Menperin menegaskan, selama ini kebijakan hilirisasi industri telah memberikan efek berantai yang luas bagi perekonomian nasional mulai dari peningkatan pada nilai tambah bahan baku dalam negeri, penyerapan tenaga kerja lokal, hingga penerimaan devisa dari ekspor.

 

“Sesuai arahan Bapak Presiden Joko Widodo, hilirisasi perlu benar-benar digenjot. Sehingga kita tidak perlu lagi ekspor bahan baku mentah. Jadi, kita harus berani beralih, dengan mengirim barang dalam bentuk setengah jadi atau jadi,” paparnya.

 

Langkah strategis tersebut sesuai dengan implementasi peta jalan Making Indonesia 4.0, yang bertujuan untuk merevitalisasi sektor manufaktur agar lebih berdaya saing global di era industri 4.0.

 

Untuk itu, pemerintah menekankan pentingnya melakukan transformasi ekonomi, yang menggeser ekonomi berbasis konsumsi menjadi berbasis manufaktur.

 

UNIDO mengemukakan, Indonesia termasuk dari 4 negara Asia yang memiliki nilai tambah sektor manufakturnya tertinggi di dunia. “Jadi, kita bersama China, Jepang, dan India,” imbuh Airlangga.

 

Nilai tambah industri nasional meningkat hingga 34 miliar dolar AS, dari tahun 2014 yang mencapai 202,82 miliar dolar AS dan tahun 2018 menjadi 236,69 miliar dolar AS.

 

“Kebijakan saat ini diarahkan pada pembangunan dan pemerataan ekonomi yang lebih inklusif dan berkualitas.
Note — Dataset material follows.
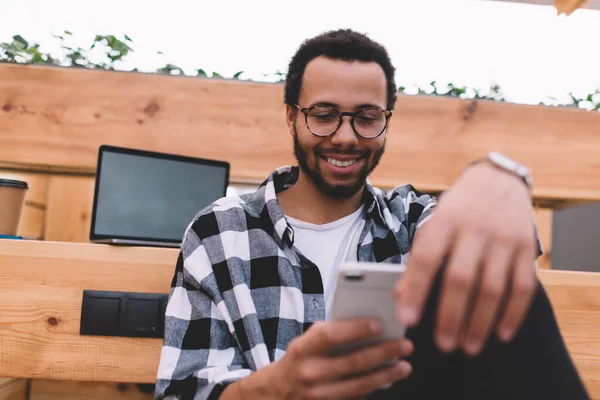 Smiling Male Blogger Classic Eyeglasses Using Cellular Gadget Online Browsing — Zdjęcie stockowe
Kami optimistis, itu bisa mengurangi kemiskinan dan ketimpangan, serta meningkatkan lapangan kerja sebanyak-banyaknya,” tutur Airlangga.

 

Berdasarkan laporan Nikkei, indeks manajer pembelian (Purchasing Managers’ Index/PMI) manufaktur Indonesia mengalami kenaikan, dari bulan Januari 2019 yang berada di level 49,9 menjadi di angka 50,1 di Februari. Level di atas 50 menandakan sektor manufaktur tengah ekspansif.

 

“Artinya, dari capaian tersebut, para investor di sektor industri melihat bahwa Indonesia telah mampu mengelola ekonomi melalui norma baru,” terangnya.

 

Norma baru yang dimaksud, adalah rata-rata negara industri di dunia saat ini mengalami kontribusi manufakturnya terhadap ekonomi hanya sebesar 17 persen.